# <p style="text-align:center;">Tensorflow - VI</p>
---
*<p style="text-align:right;">Reference: Tensorflow Official Docs</p>*


In [1]:
import tensorflow as tf
import numpy as np
import timeit
from datetime import datetime

# Introduction to Modules, Layers & Models
## Overview
To do machine learning in TensorFlow, you are likely to need to define, save, and restore a model.

A model is, abstractly:

* A function that computes something on tensors (a forward pass)
* Some variables that can be updated in response to training

In this guide, you will go below the surface of Keras to see how TensorFlow models are defined.

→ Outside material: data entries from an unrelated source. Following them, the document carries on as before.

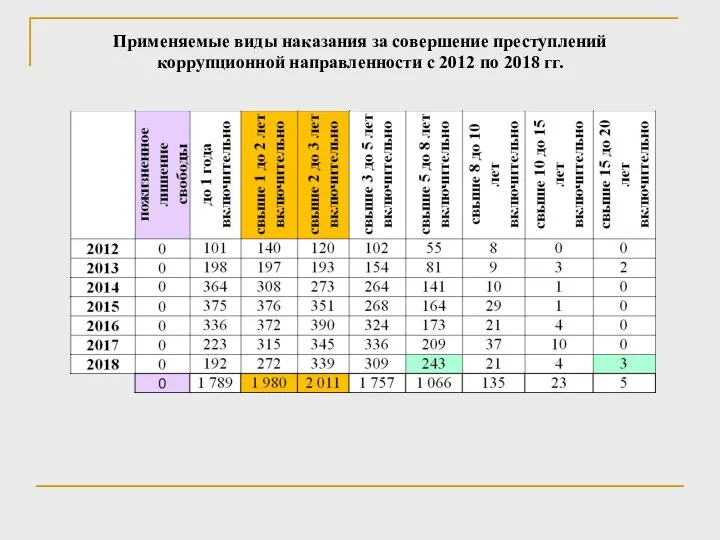 Применяемые виды наказания за совершение преступлений коррупционной направленности с 2012 по 2018 гг.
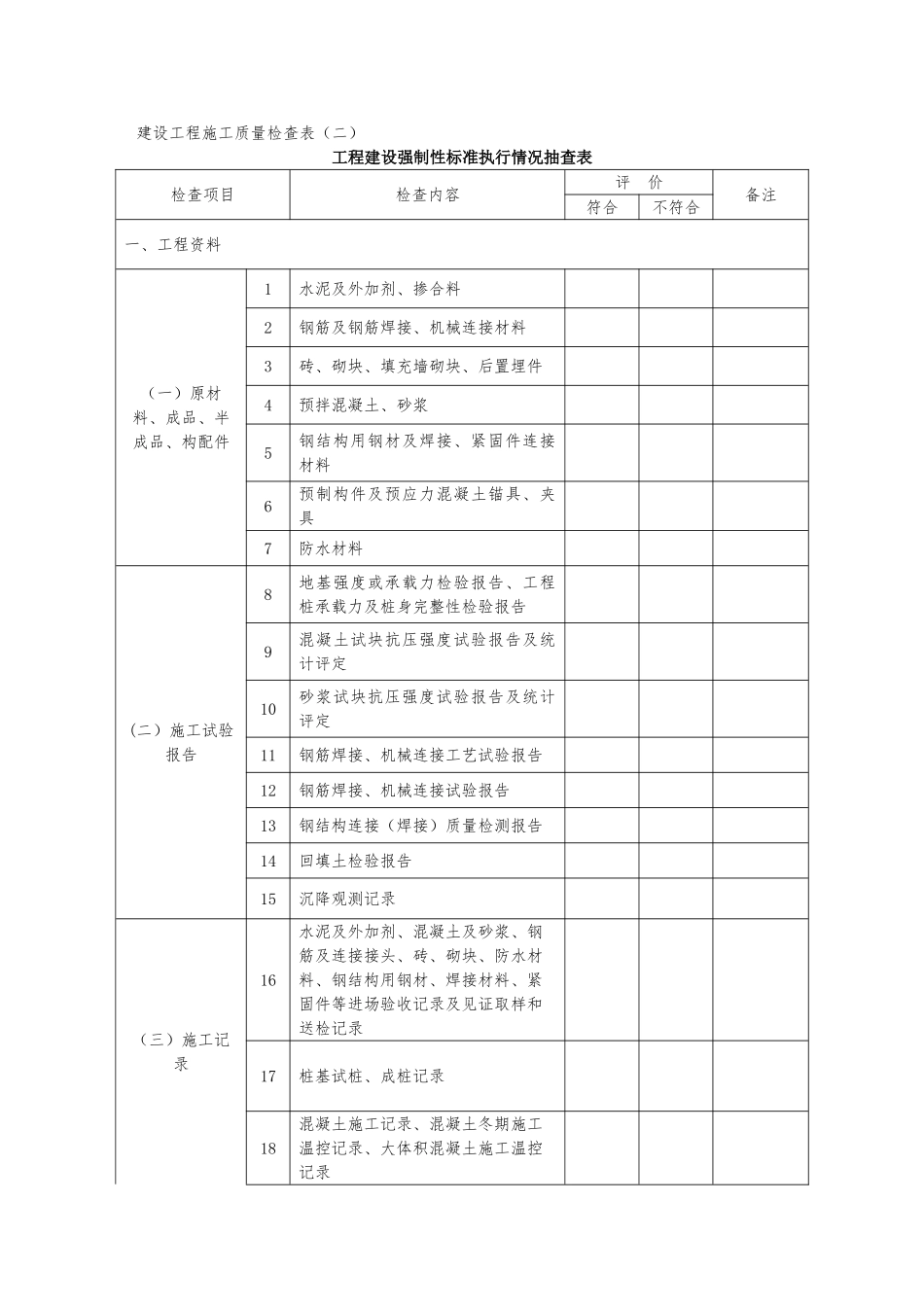 建设工程施工质量检查表_第2页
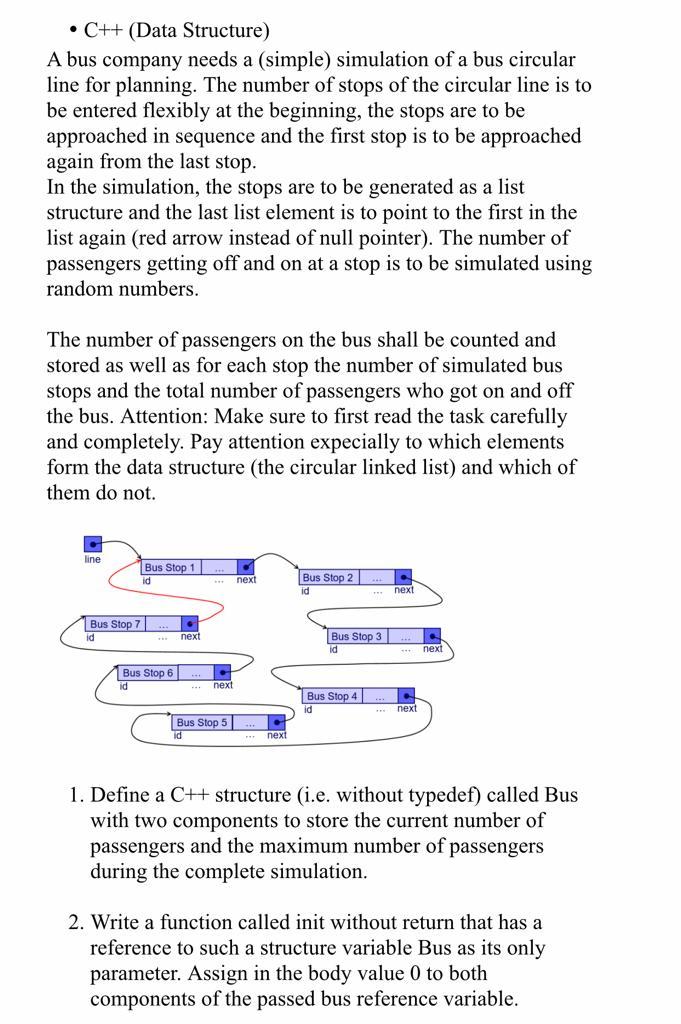 Hi, this is the data structure question in | Chegg.com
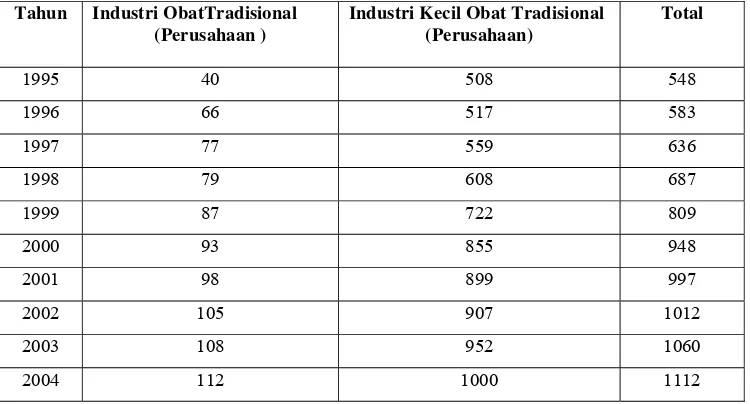 Tabel 2. Perkembangan Jumlah Industri Obat Tradisional dan Industri Kecil Obat Tradisional Tahun 1995-2004  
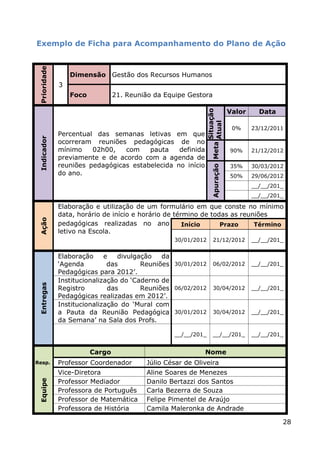 Exemplo de Ficha para Acompanhamento do Plano de Ação
 Prioridade



                  Dimensão Gestão dos Recursos Humanos
              3
                  Foco           21. Reunião da Equipe Gestora

                                                                                         Valor     Data




                                                                              Situação
                                                                Apuração Meta Atual
                                                                                          0%     23/12/2011
              Percentual das semanas letivas em que
 Indicador




              ocorreram reuniões pedagógicas de no
              mínimo    02h00,   com    pauta    definida                                90%     21/12/2012
              previamente e de acordo com a agenda de
              reuniões pedagógicas estabelecida no início                                35%     30/03/2012
              do ano.                                                                    50%     29/06/2012
                                                                                                 __/__/201_
                                                                                                 __/__/201_

              Elaboração e utilização de um formulário em que conste no mínimo
              data, horário de início e horário de término de todas as reuniões
 Ação




              pedagógicas realizadas no ano           Início     Prazo     Término
              letivo na Escola.
                                                   30/01/2012           21/12/2012               __/__/201_


              Elaboração     e   divulgação   da
              „Agenda         das       Reuniões 30/01/2012 06/02/2012 __/__/201_
              Pedagógicas para 2012‟.
              Institucionalização do „Caderno de
 Entregas




              Registro        das       Reuniões 06/02/2012 30/04/2012 __/__/201_
              Pedagógicas realizadas em 2012‟.
              Institucionalização do „Mural com
              a Pauta da Reunião Pedagógica 30/01/2012 30/04/2012 __/__/201_
              da Semana‟ na Sala dos Profs.

                                                   __/__/201_           __/__/201_               __/__/201_


                         Cargo                              Nome
Resp.         Professor Coordenador       Júlio César de Oliveira
              Vice-Diretora               Aline Soares de Menezes
              Professor Mediador          Danilo Bertazzi dos Santos
 Equipe




              Professora de Português     Carla Bezerra de Souza
              Professor de Matemática     Felipe Pimentel de Araújo
              Professora de História      Camila Maleronka de Andrade

                                                                                                          28
 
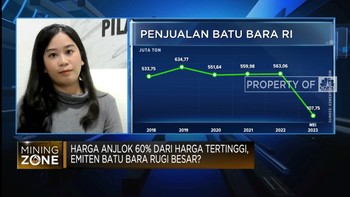 Harga Ambruk,  Emiten Batubara Rugi Besar?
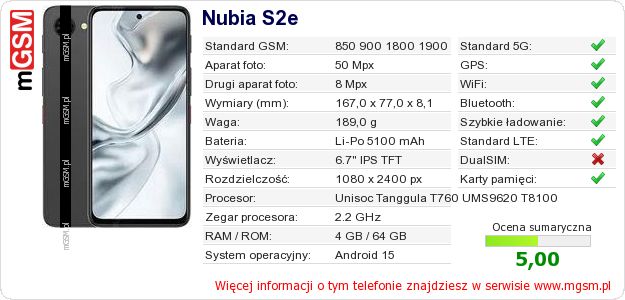 Dane telefonu Nubia S2e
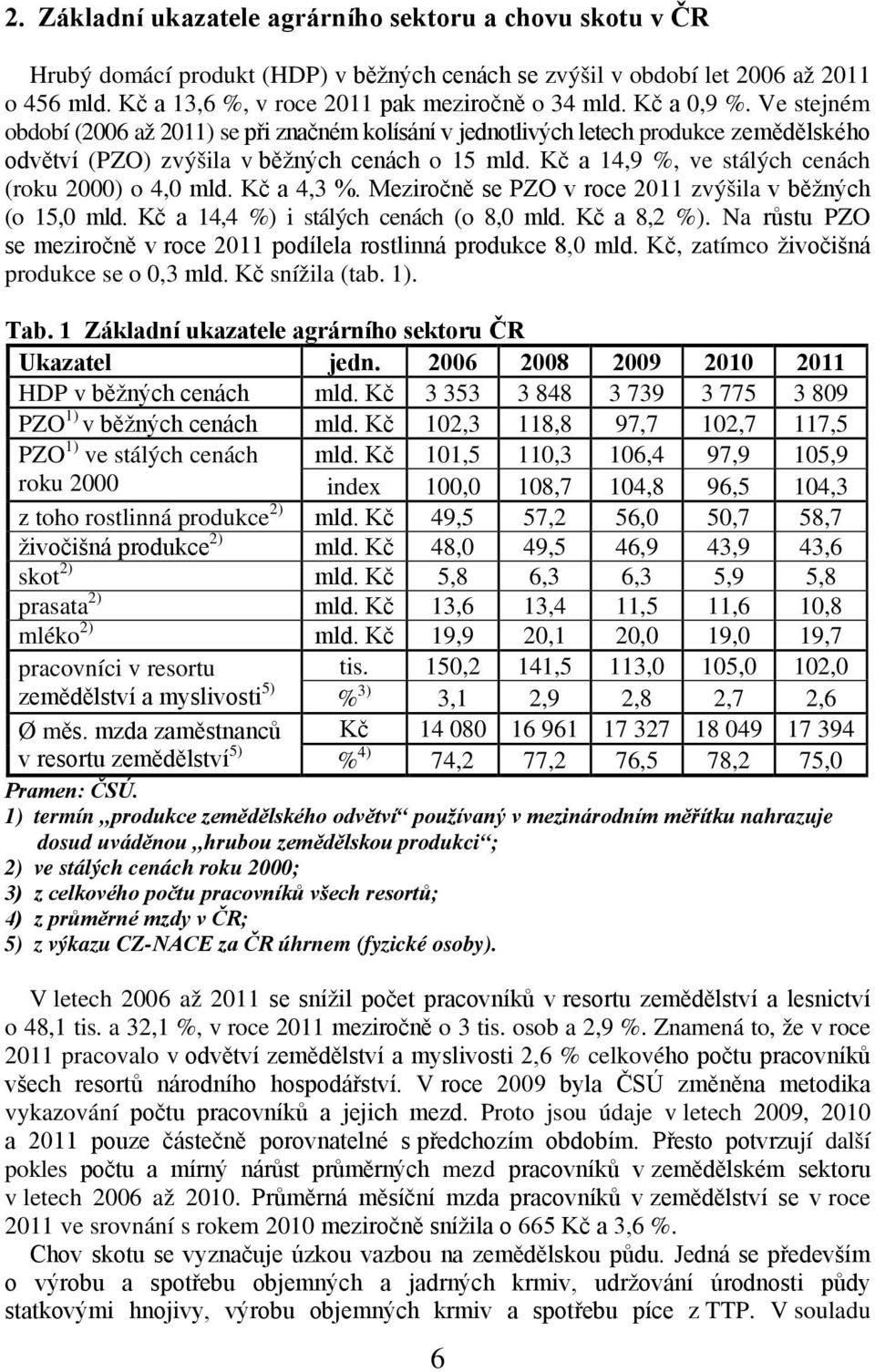 Kč a 14,9 %, ve stálých cenách (roku 2000) o 4,0 mld. Kč a 4,3 %. Meziročně se PZO v roce 2011 zvýšila v běžných (o 15,0 mld. Kč a 14,4 %) i stálých cenách (o 8,0 mld. Kč a 8,2 %).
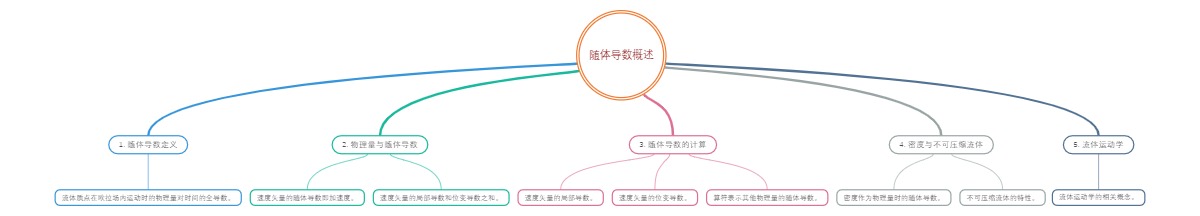 随体导数概述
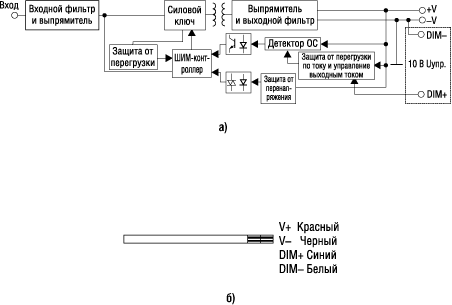 Модули серии ЕLN-60 с управлением выходным током: а) структурная схема; б) назначение выводов выходного кабеля 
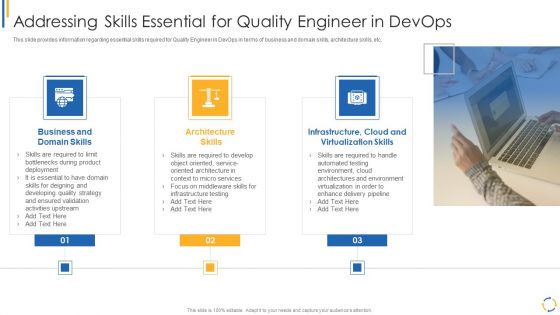 Addressing Skills Essential For Quality Engineer In Devops Portrait PDF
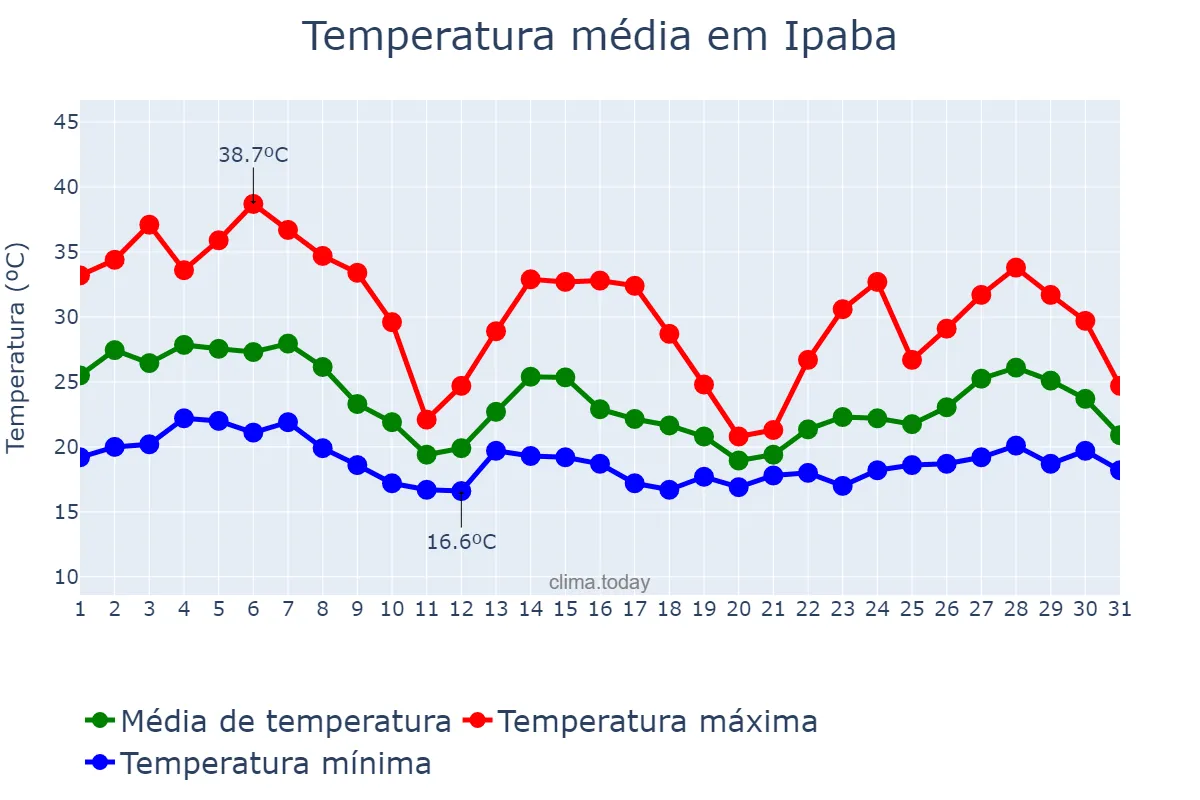 Temperatura em outubro em Ipaba, MG, BR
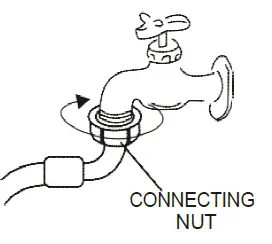 Avanti TLW09W Portable Washer fig 6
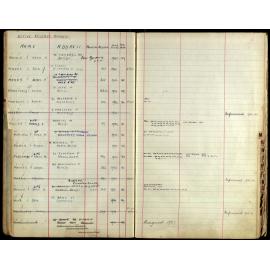 Members Register 1943-1952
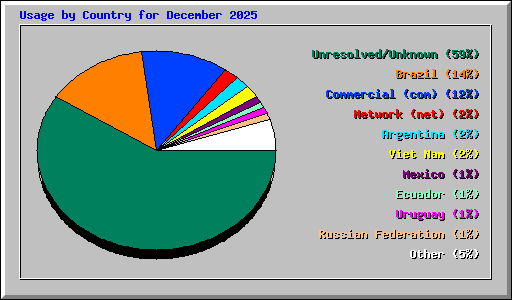 Usage by Country for December 2025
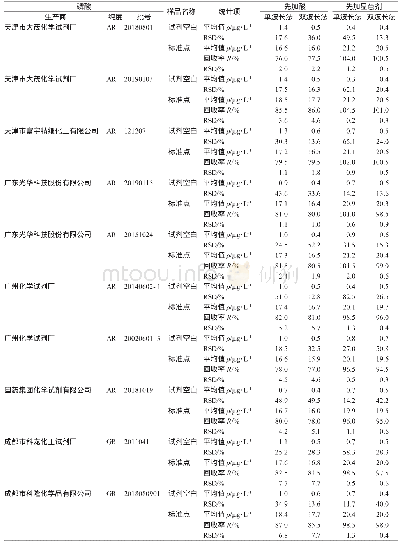 表1 试剂空白结果（n=4)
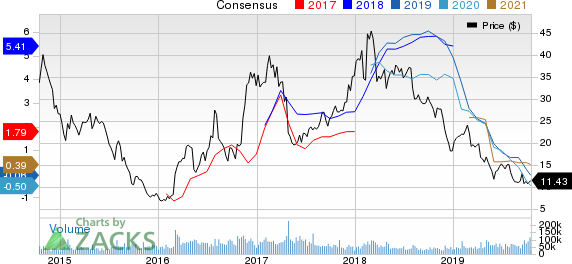 United States Steel Corporation Price and Consensus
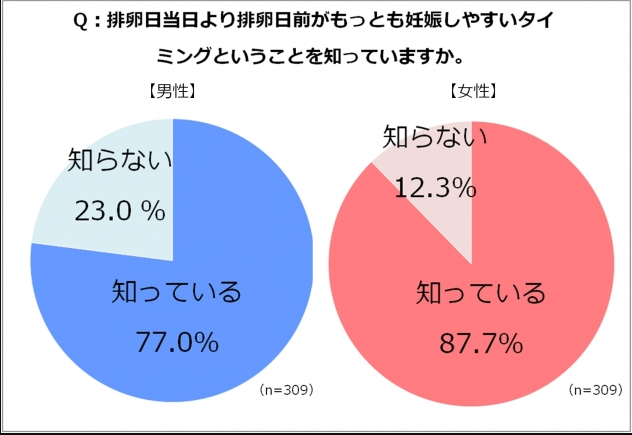 妊活インテリ男性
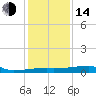 Point Chevreuil tide chart for Saturday, January 14, 2023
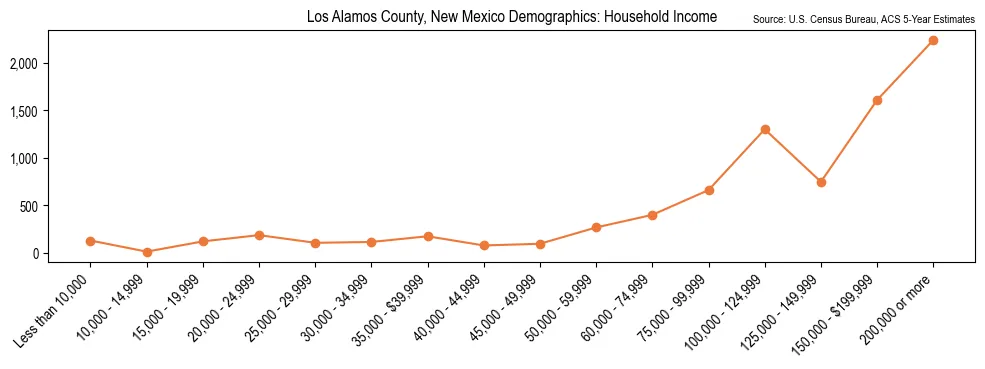 Median and distribution of household income in Los Alamos County, New Mexico based on 2023 American Community Survey (ACS)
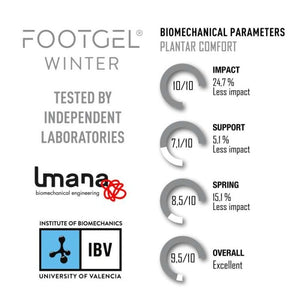 Žieminiai vidpadžiai Footgel Everyday Use Winter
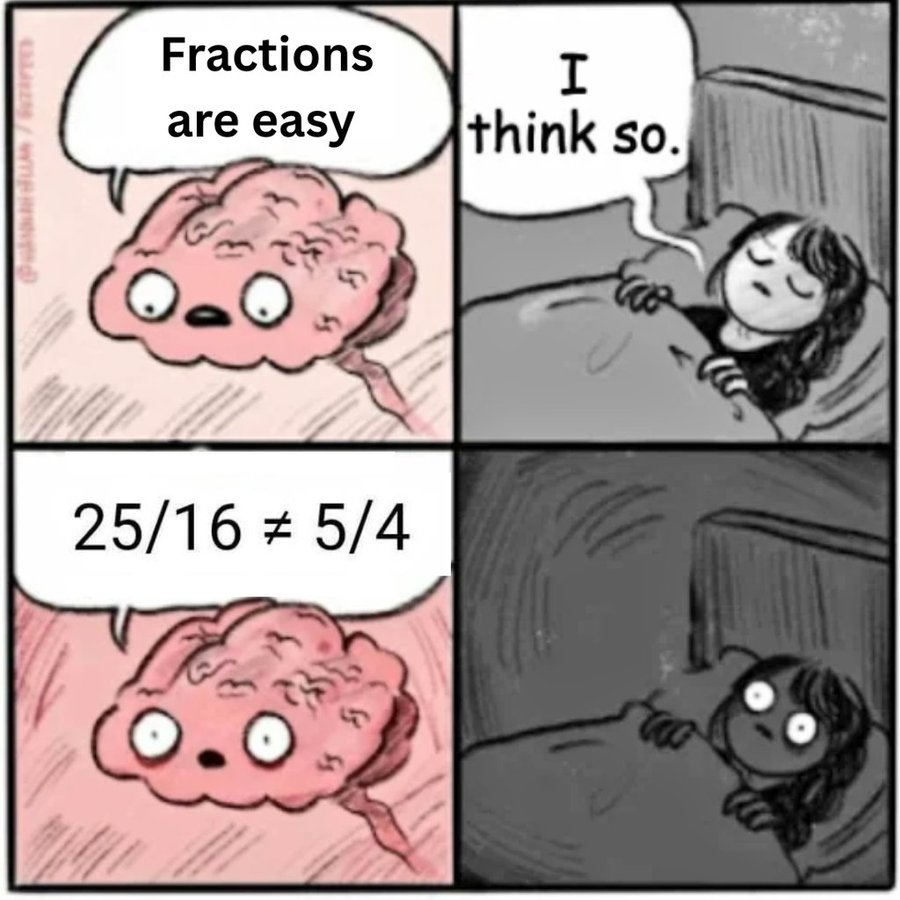 Math Magician tweet media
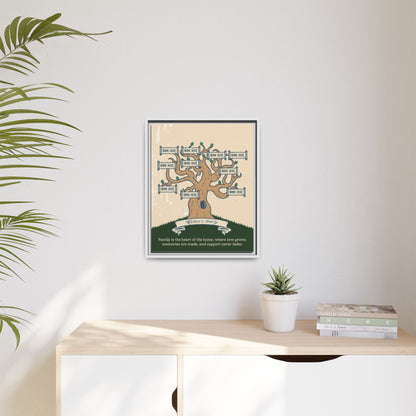 Custom Family Tree Sign - Personalized Generations Family Tree Template - Branched Timmi Genealogy Chart, Ancestral Pedigree Chart, Family History Wall Art Decor, Ancestry Gift for Home or Office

This looks at how TensorFlow collects variables and models, as well as how they are saved and restored.

In [2]:
%load_ext tensorboard

## 1. Defining models and layers in Tensorflow

Most models are made of layers. Layers are functions with a known mathematical structure that can be reused and have trainable varaibles. In Tensorflow, most high-level implementations of layers and models, such as Keras or Sonnet, are built on the same foundational class: `tf.Module`

Here's an example of very simple `tf.Module` that operates on a scalar tensor:

In [3]:
class SimpleModule(tf.Module):
    def __init__(self,name=None):
        super().__init__(name=name)
        self.a_variable = tf.Variable(5.0, name = 'train_me')
        self.non_trainable_variable = tf.Variable(5.0, trainable = False, name = 'do_not_train_me')
    def __call__(self,x):
        return self.a_variable*x + self.non_trainable_variable #wx + b
simple_module = SimpleModule(name = 'simple')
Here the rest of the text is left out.